Thursday, 26 July 2007

Grandma's House

Grandma’s House

Originally published in Mam Tor's Event Horizon Book 2 with illustrations by Emily Hare

“Stay on the path, stay on the path,” Red muttered to herself over and over.

It was good advice, if only she’d been able to keep it. The problem was the path was no longer there. A bridge was supposed to take it across the river that ran through the middle of the woods. Unfortunately, all that remained of the bridge were two broken ends on either side. The recent rains must have swollen the river to such an extent that the timber supports had given way. The river was more or less back to normal now, it was a shame the same could not be said for the bridge.

Red had two options: turn back or find another place to cross.

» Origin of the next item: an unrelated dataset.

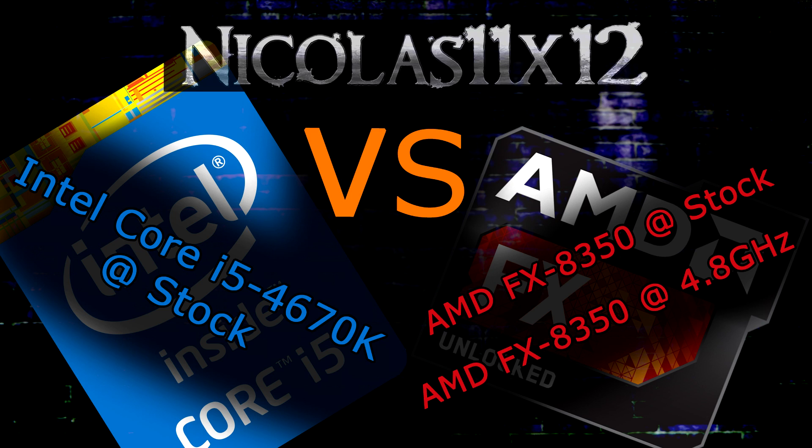I know some of you might say that's unfair — and yes, I have to agree with you, it actually is unfair. The AMD FX-8350 should not be compared against the new Intel Haswell CPUs, but against the previous generation Ivy Bridge CPUs.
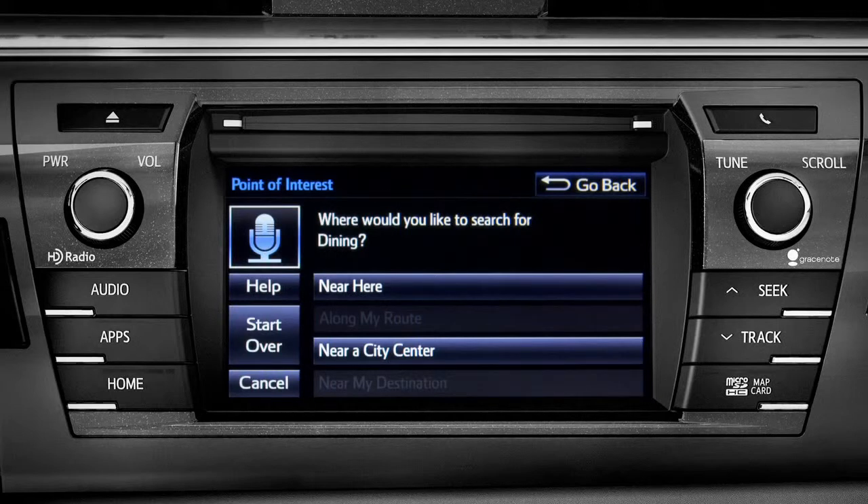You can exit voice command at any time after a beep by saying Cancel or by tapping Cancel on the screen. You can also press the Home button.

Turning back would mean she had failed; until she completed the journey she would not be recognised as anything more than a child. Crossing elsewhere meant using the ford that lay about half a mile upstream. That meant her journey would take her a mile off the path. The route was not an unfamiliar one, but she had always taken it with her father, during the hours of light, never alone, or in the middle of the night.

The pact ensured that no traveller using the path would come to any harm. Oaths signed in blood enforced the bargain, the old magic to all intents and purposes impossible to break By travelling off the path at night, Red was putting herself in harm’s way. The wolves would have no compunction about attacking anyone travelling through their woods, even if the travel was necessitated by the path being impossible to navigate. Nature, red of tooth and claw, did not have any sense of fair play.

By keeping to the banks of the river, Red hoped that she could mitigate the danger. Unfortunately while the wolves might prefer the shelter of the trees, they did not hesitate to venture into open spaces when it served their needs. Some of the bolder among the woodland breed would even venture into the village from time to time. After all, that was how Millie’s boy was lost, stolen by an opportunistic forest wolf.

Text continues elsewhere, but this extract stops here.